═════ Given records

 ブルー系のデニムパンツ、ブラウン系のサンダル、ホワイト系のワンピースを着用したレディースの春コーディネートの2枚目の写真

══════════
═════ Given records

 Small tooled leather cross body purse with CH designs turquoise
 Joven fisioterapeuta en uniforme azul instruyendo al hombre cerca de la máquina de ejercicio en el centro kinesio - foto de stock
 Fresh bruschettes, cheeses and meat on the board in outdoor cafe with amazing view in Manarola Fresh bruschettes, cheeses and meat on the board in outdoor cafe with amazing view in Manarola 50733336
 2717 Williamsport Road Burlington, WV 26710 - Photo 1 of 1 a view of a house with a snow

══════════
═════ Given records

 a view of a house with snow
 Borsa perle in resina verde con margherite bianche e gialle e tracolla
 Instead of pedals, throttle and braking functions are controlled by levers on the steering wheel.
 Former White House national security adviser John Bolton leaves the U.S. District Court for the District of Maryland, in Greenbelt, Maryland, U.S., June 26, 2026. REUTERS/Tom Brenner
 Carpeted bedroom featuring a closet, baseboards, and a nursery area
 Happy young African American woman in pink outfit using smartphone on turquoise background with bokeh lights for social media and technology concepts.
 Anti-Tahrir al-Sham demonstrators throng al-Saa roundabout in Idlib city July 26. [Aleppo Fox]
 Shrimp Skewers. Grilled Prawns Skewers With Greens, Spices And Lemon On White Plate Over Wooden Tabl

══════════

**Work to be completed**
Give the number of lines in the records that contain the word "White", and write nothing else.

**Answer space**
2